Oscyl – Héla Fattoumi et Éric Lamoureux
Pièce pour sept danseurs et sept sculptures, Oscyl de Héla Fattoumi et Éric Lamoureux a été créée au Festival Mondial des théâtres de marionnettes de Charleville-Mézières. Présentée au Théâtre de Chaillot sur le plateau de la salle Firmin Gémier, elle propose une confrontation ludique et fertile entre des êtres de chair et des figurines à taille humaine diablement douées pour le mouvement.
Sagement alignées côté jardin, comme endormies, elles intriguent avec leurs courbes rebondies et leur silhouette quasi humaine.

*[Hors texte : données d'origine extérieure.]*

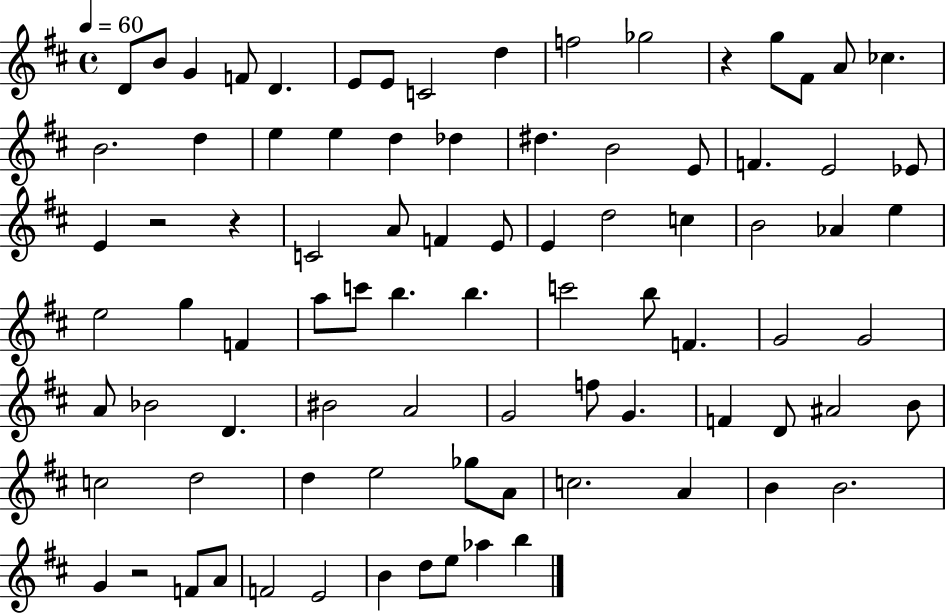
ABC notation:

X:1
T:Untitled
M:4/4
L:1/4
K:D
D/2 B/2 G F/2 D E/2 E/2 C2 d f2 _g2 z g/2 ^F/2 A/2 _c B2 d e e d _d ^d B2 E/2 F E2 _E/2 E z2 z C2 A/2 F E/2 E d2 c B2 _A e e2 g F a/2 c'/2 b b c'2 b/2 F G2 G2 A/2 _B2 D ^B2 A2 G2 f/2 G F D/2 ^A2 B/2 c2 d2 d e2 _g/2 A/2 c2 A B B2 G z2 F/2 A/2 F2 E2 B d/2 e/2 _a b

Même avant de les avoir vu bouger, on pressent bien que ces sculptures mystérieuses capables d’être mues vont happer tous les regards. Œuvres du plasticien Stéphane Pauvret, ces Oscyls s’inspirent du travail du sculpteur Hans Arp, proche du mouvement Dada. Quand ils s’animent sous la sollicitation des danseurs, les oscyls initient un rythme propre qui leur donne une théâtralité singulière.

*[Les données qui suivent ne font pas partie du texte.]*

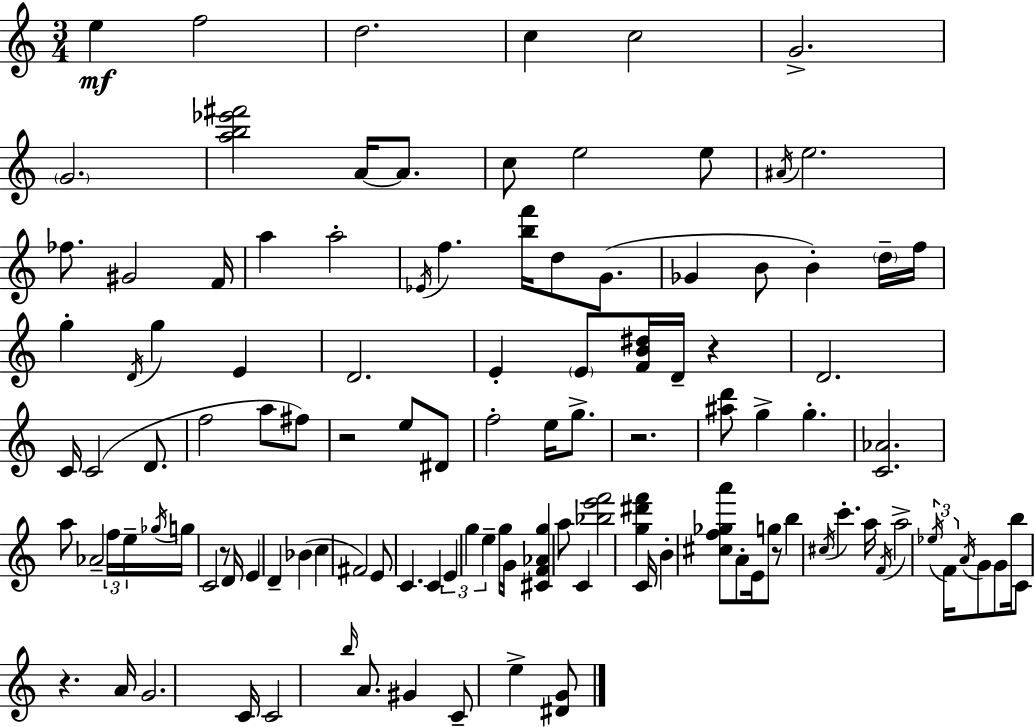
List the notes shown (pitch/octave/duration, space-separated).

E5/q F5/h D5/h. C5/q C5/h G4/h. G4/h. [A5,B5,Eb6,F#6]/h A4/s A4/e. C5/e E5/h E5/e A#4/s E5/h. FES5/e. G#4/h F4/s A5/q A5/h Eb4/s F5/q. [B5,F6]/s D5/e G4/e. Gb4/q B4/e B4/q D5/s F5/s G5/q D4/s G5/q E4/q D4/h. E4/q E4/e [F4,B4,D#5]/s D4/s R/q D4/h. C4/s C4/h D4/e. F5/h A5/e F#5/e R/h E5/e D#4/e F5/h E5/s G5/e. R/h. [A#5,D6]/e G5/q G5/q. [C4,Ab4]/h. A5/e Ab4/h F5/s E5/s Gb5/s G5/s C4/h R/e D4/s E4/q D4/q Bb4/q C5/q F#4/h E4/e C4/q. C4/q E4/q G5/q E5/q G5/s G4/s [C#4,F4,Ab4,G5]/q A5/e C4/q [Bb5,E6,F6]/h [G5,D#6,F6]/q C4/s B4/q [C#5,F5,Gb5,A6]/e A4/e E4/s G5/e R/e B5/q C#5/s C6/q. A5/s F4/s A5/h Eb5/s F4/s A4/s G4/e G4/e B5/s C4/e R/q. A4/s G4/h. C4/s C4/h B5/s A4/e. G#4/q C4/e E5/q [D#4,G4]/e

À leur contact, la danse qui se déploie est élégante et précise, limite précautionneuse. Une danse où le partenaire humain développe une écoute infinie dans son rapport à cet autre, qui malgré son statut d’objet se révèle étonnamment vivant. Oscyls inanimés, avez-vous donc une âme ? se surprend-on à penser, plagiant le poète. Toute une combinaison de mouvements, de plus en plus acrobatiques par moments, nait de la confrontation entre les deux.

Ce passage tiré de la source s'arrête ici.